In recent months, I’ve come across relatives, friends and men I have dated who seem to have issues with texting – or more pointedly, returning a message I sent. “I don’t like to text,” they tell me, or, “You write too much.” Heaven forbid I don’t stop at “WYD. HRU.” For those who actually enjoy typing words out in full, this would be, “What are you doing?” and “How are you?”. Both of these abbreviations are disgusting, for the record.

Related: Why would anyone want to talk on the phone ever again? | Jess Zimmerman

If you’re kin I barely speak to outside of holidays or old classmates who I sometimes forget are still alive (listen, adulthood is stressful), by all means ping me on Twitter, Facebook, Instagram, Snapchat or whatever other social media service I am ignoring but likely signed up for. I like that social media brings many people who otherwise would never connect together.
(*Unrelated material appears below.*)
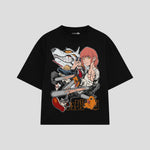 Playera streetwear premium de anime y gaming ExtraLife MX, corte boxy oversized drop shoulder heavyweight en color Deep Black y Off-White, moda urbana mexicana de culto.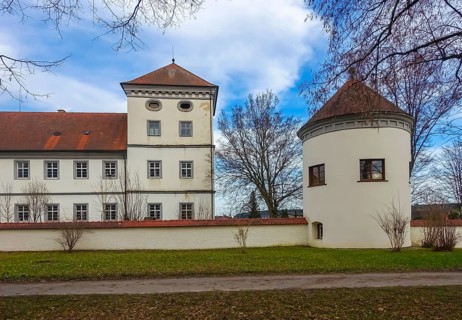 Meßkirch Castle, Castle of the Counts of Zimmern, Zimmern Castle, small round tower, castle wall,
But I increasingly loathe that it gives people a false sense of intimacy. As in, just because you see whatever I choose to share on social media doesn’t mean you know me. Likewise, you responding to something I put on the internet is not anything close to hitting me back on words said directly to you – it’s ignoring me. No one wants to feel ignored and the fact that I now can visibly see what you are doing on social media in real time as you ignore me is infuriating.

So if you’re a close friend or, even more importantly, a person I am dating, I will not bend on this. Respond to my text. I repeat: respond to my text.
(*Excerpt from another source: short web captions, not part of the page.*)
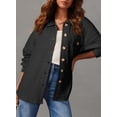 thumbnail image 4 of Women's Cable Knit Lightweight Long Sleeve Casual Oversized Button Down Shirt, 4 of 10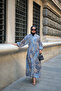 Women's Floral Patterned Half Button Detail Spacious Dress Blue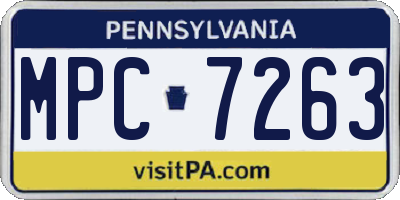 PA license plate MPC7263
I don’t understand why this task is difficult for people. After all, you’re on your phone either way. The way you can scroll through every social media app you’ve downloaded is the same way you can look to “messages” on your phone, read said messages and you know, respond to them. Why is this a challenge? Spoiler: it’s not.

It’s not like I’m asking anyone to speak on the phone, or something, though as long as I’m not talking to student loan lenders or any dating mistake from the past, I don’t particularly mind that either. I’m willing to lower my weapon and reach a peace accord on that medium which, to a growing number of folks, is akin to asking them to stop putting music on their cellphones and dig their old iPod out of the box. How dare anyone be so Throwback Thursday and Flashback Friday with their lives?

Just answer the text. Humor me. And just so we are clear, you responding to something I say on social media is not the same thing as responding to something I texted to you directly. Do you know how infuriating it is to see someone ignore a text message you sent them but go on to respond to numerous things you’ve said on social media? You do if you’re a decent person with even a modest level of home training.

I very briefly entertained the thought of teaching repeat offenders a lesson by way of blocking them on social media. That is incredibly petty, though, and I don’t want to lead a life that mirrors the biggest villain on any given Real Housewives franchise. Even when they die, their Twitter mentions will be filled with vitriol.

Still, if you are someone who does this, do me a favor. No, do humanity a favor: text people back. You can do it. I believe in you.